Behind the backing of some strong pitching, the Atlanta Braves once again reclaimed NL East glory by winning the division in 2013 in rather convincing fashion over the Washington Nationals.
As usual, and as previously mentioned, the Braves do it with pitching, as that has been their staple for years. They also have some quality hitting and they should offer fantasy baseball players with plenty of intriguing options to consider this draft season.
So, let’s assess the Braves’ top-five pressing questions as we approach Opening Day.
5. What role will Alex Wood have in 2014? Although he came to the Braves as a reliever out of college, the Braves stretched Alex Wood out as a starter toward the end of last season and he shone in the middle of the summer. In his first seven starts, Wood accrued a 2.18 ERA, 1.11 WHIP while posting 8.7 strikeouts per nine innings. However, Wood struggled after that and the Braves shifted him back to the bullpen, as to not shatter his confidence.
This hard-throwing lefty now has dual eligibility at starter and as a reliever, which could pay off big dividends to players in head-to-head leagues. While Wood is not certain to be a starter at the start of the season, especially with the Braves signing Gavin Floyd, the upside is too hard to ignore and eventually Wood will shoehorn his way into the rotation.
Just sit tight and be patient with Wood, as his day is coming and you will want him on your team when that day comes.
4. Can Evan Gattis succeed in a full-time role in replacing Brian McCann? Brian McCann will be no small loss the Braves as his leadership was vastly underrated. Evan Gattis will certainly have some big shoes to fill. Sure, McCann has been known to miss some time in the last few years, but his timely hitting and rapport with the pitching staff is something that should not be understated.
Gattis, himself no stranger to injuries, will take control of the catching duties now while occasionally playing first base, outfield and spending time at DH when there are interleague games. By now we all know what Gattis is and that is power bat, who is pretty much an all-or-nothing-type slugger. Look no further than his 21 home runs and 81 strikeouts in 354 at-bats as proof.
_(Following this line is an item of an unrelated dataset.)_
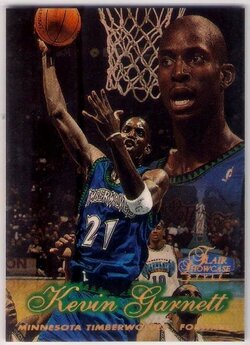 1997-98 Flair Showcase Row 2 #4 - Kevin Garnett Minnesota Timberwolves.jpg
You won’t get great consistency from Gattis, but with catcher such a shallow position, Gattis should make for an adequate starter in leagues of 10-12 or more. Just don’t expect a good batting average.
3. Can Brandon Beachy stay healthy and be a fantasy bargain? Because he didn’t quite overcome Tommy John surgery 100 percent last year, Brandon Beachy will be a bit of a question mark this year.
However, since he has some risk attached to his name, Beachy could be a great value pick in drafts this spring. Clearly, he was not ready to pitch last year and had to undergo another surgery in the offseason as a result. With a more cautious approach this season, expect Beachy to find his stride. You remember how well he fared in 2012 before he succumbed to Tommy John? To refresh your minds, he when he went 5-5 in 13 starts with a 2.00 ERA and 0.96 WHIP to go with 68 strikeouts in 81 innings pitched.
While it may take Beachy some time to warm up, you could presumably get close to ace-like numbers from a guy you’re probably penciling in as your No. 3 or No. 4 starter. So, the reward far exceeds the risk here.
2. After an atrocious season last year, does B.J. Upton have any redeeming fantasy value left? There is no way to sugarcoat it: B.J. Upton was an unmitigated disaster in his first season with the Braves.
In 391 at-bats, Upton wound up with a dismal .184 batting average to go with nine home runs, 26 RBI’s and just 12 stolen bases. That’s just gross. Well, he can only go up from here right?
After averaging nearly 23 home runs, 73 RBI’s and 36 stolen bases in his last three years in Tampa Bay, you should expect Upton to improve somewhat. He has to, right? Well, he still has to be considered a risk since he’s no spring chicken at 30. You shouldn’t expect another disastrous year from Upton and he’s not a complete afterthought. Just hope you can hit the lottery late in drafts with him being nothing more than outfield depth.
1. Can Julio Teheran build on his impressive 2013 campaign? After breaking through in 2013, Julio Teheran indeed seems poised to take his game to the next level.
Teheran finally lived up to all of the hype he received in the minors en route to going 14-8 last year. He had a solid 3.20 ERA and 1.17 WHIP, while also recording 170 strikeouts in 185.2 innings pitched.
With the Braves losing Tim Hudson, and to some degree Paul Maholm, in the offseason, the Braves are going to need their young arms in Teheran, Mike Minor, Beachy and Kris Medlen to carry the torch. Now that he has established himself while getting through a full season unscathed, Teheran should only get better.
He should make for a fine No. 2 or No.3 starter.